Defining unit tests: two schools of thought18 Jun 2022
Definitions: What is a unit test?
There are several definitions for unit tests. Roy Osherove defines it as “piece of code that invokes a unit of work in the system and then checks a single assumption about the behavior of that unit of work”; Kent Beck turns the idea of defining unit tests on it’s head by simply stating a list of properties, and any code that satisfies those properties in a “unit test”.
I like Vladimir Khorikov’s definition of a unit test in his book Unit Testing Principles, Practices, and Patterns. According to him, a unit test is a piece of code that (1) verifies a unit of software, (2) in isolation, and (3) quickly. The above definition only balkanizes a unit test into three undefined terms: (1) unit of software, (2) isolation, and (3) quick/fast/speed. Of the three, the third one is the easiest to understand intuitively. Being fast simply means that you should be able to run the test in real time and get the results quickly enough to enable interactive iteration of modifying the unit of software you are changing. However, the other two terms: unit of software, and isolation merit more discussion.
Are you from Detroit, or London?
In fact, there are two schools of thought around how the above two terms should be defined. The ‘original/classic/Detroit’ school, and the ‘mockist/London’ school. Not surprisingly, the school of thought you subscribe to has a significant impact on how you write unit tests. For a more detailed treatment of the two schools of thought, I suggest Martin Folwer’s excellent article on the subject of Mocks and Stubs. Chapter 2 of Khorikov’s book Unit Testing Principles, Practices, and Patterns also has some good insights into it. I have distilled their contents as it pertains to unit test definitions.
The Detroit School
The Classical or Detroit school of thought originated with Kent Beck’s “Test Driven Development”.

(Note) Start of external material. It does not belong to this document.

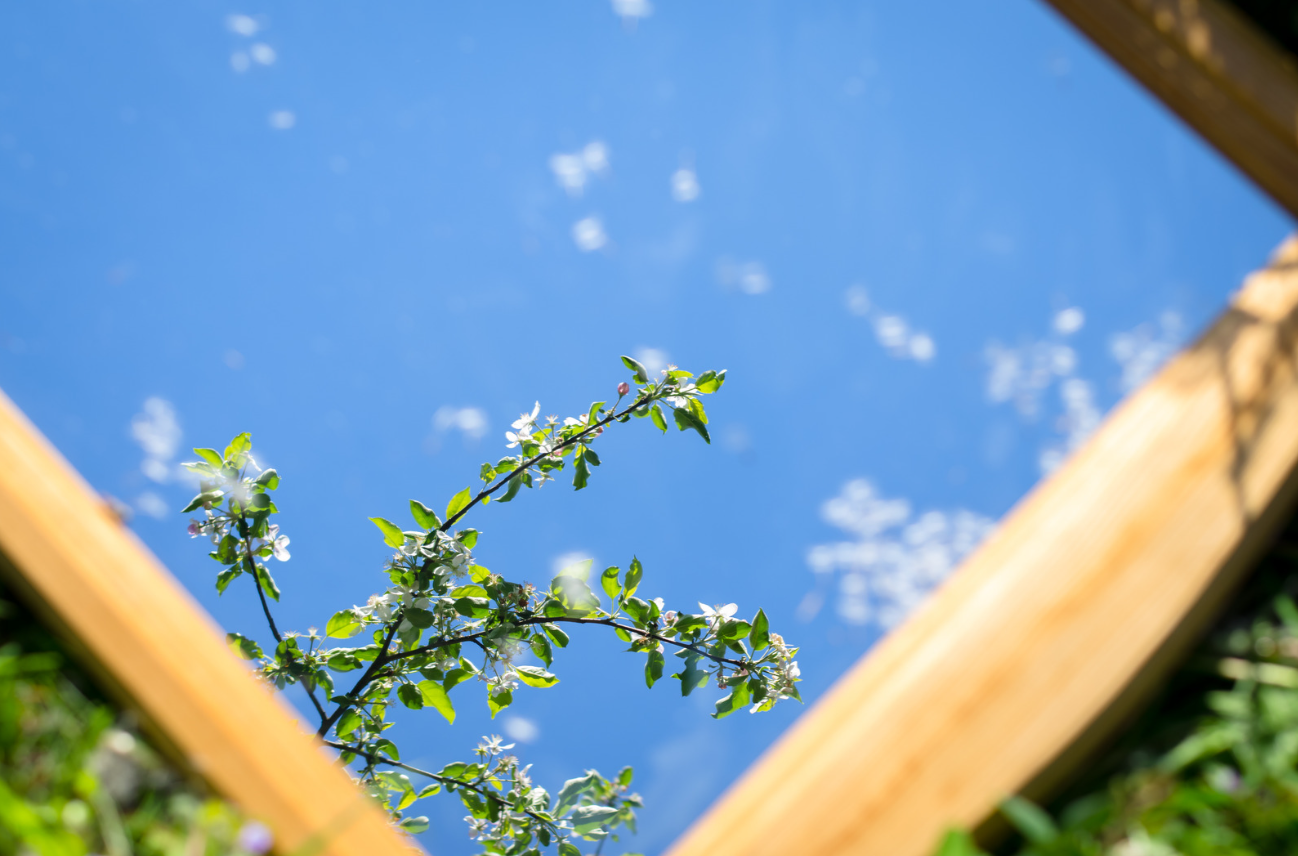 What "Nature" Do You Notice? A New Way to Study Nature in Urban Environments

Unit of software. According to this school, the unit of software to test is a “behavior”. This behavior could be implemented in a single class, or a collection of classes. The important property here is that the the code that comprises the unit must be (1) internal to the software, (2) connected with each other in the dependency tree, and (3) not shared by another other part of the software.
Thus, a unit of software cannot include external entities such as databases, log servers, file systems etc. They also cannot include external (but local) libraries such as system time and timers. Importantly, it is ok to include a class that depends on another class via a private non-shared dependency.
Isolation. Given the above notion of a “unit” of software, isolation simply means that the test is not dependent on anything outside that unit of software. In practical terms, it means that a unit test needs to replace all external and shared dependencies with test doubles.
The London School
The mockist or London school of thought was popularized by Steve Freeman (twitter) and Nat Pryce in their book “Growing Object- Oriented Software, Guided by Tests”.
Unit of Software. Given the heavy bias Object-Oriented software, unsurprisingly, the unit of software for a unit test is a single class (in some cases, it can be a single method). This is strictly so. ANy other class that this the ‘class under test’ depends on cannot be part of the unit being tested.
Isolation. What follows from the above notion of a “unit” is that everything that is not the class under test must be replaced by test doubles. If you are instantiating another class inside the class under test, then you must replace that instantiation with an injected instance or a factory that can be replaced with a test double in the tests.
Here is a quick summary of the definitions of a unit tests under the two schools.
|Detroit||Behavior||Replace shared and external dependencies with test doubles||‘fast’|
|London||Class||Replace all dependencies (internal, external, shared, etc.) with test doubles||‘fast’|
What does this mean?
The school of thought you subscribe to can have a significant impact on your software design and testing. There is nothing I can say here that hasn’t already been explained by Martin Fowler in his article “Mocks aren’t stubs”. So, I highly recommend you read it for yourself.